Impact resistance assessment was performed via the Charpy impact test at temperatures ranging from 25 to 900 °C, which is the simplest and most industrially practical method for evaluating impact resistance of industrial material. It has been confirmed that the results obtained from the Charpy impact test are comparable to those obtained from tests involving the collision of a small iron ball propelled by gas pressure with a specimen [26], which are commonly employed as foreign-object-damage simulations for jet engine blade impacts. Details of the Charpy impact test are provided in a separate study [14]. Front and back surfaces and sides of the flat cast and forged materials after HIP or heat treatment were cut and machined to produce flat test specimens approximately 55 mm in width and 10 mm in thickness.

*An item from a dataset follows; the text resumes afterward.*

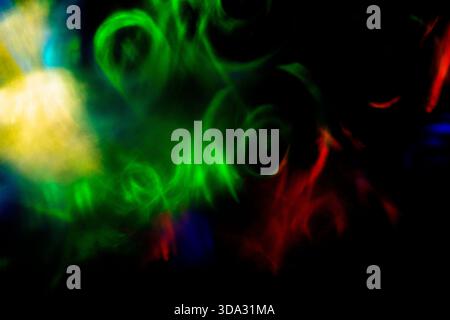Abstract image of swirling green, red, blue, and yellow light forms on a dark background, with soft blurred shapes, circular motions, glowing streaks, Stock Photo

Then, these specimens were cut using a diamond grinding wheel under low load to create a cutting surface close to the polished surface, generating rectangular prism test specimens measuring approximately 10 × 10 × 55 mm³. Due to the extremely low impact resistance of TiAl alloys, no notches were introduced into the test specimens, and a small hammer with a capacity of 50 J was used to clearly differentiate the alloys. Charpy impact tests were conducted using the cut surfaces as the front and rear faces of the impact surface. For the high-temperature tests, the test specimens were heated for approximately 1 h in an electric furnace installed adjacent to the testing machine. Subsequently, the heated specimens were rapidly set in the testing machine for testing. Testing was completed within 5–10 s of removal from the furnace. Approximately 10 tests were performed under each condition, and impact resistances of all alloys were compared based on the average absorbed energy.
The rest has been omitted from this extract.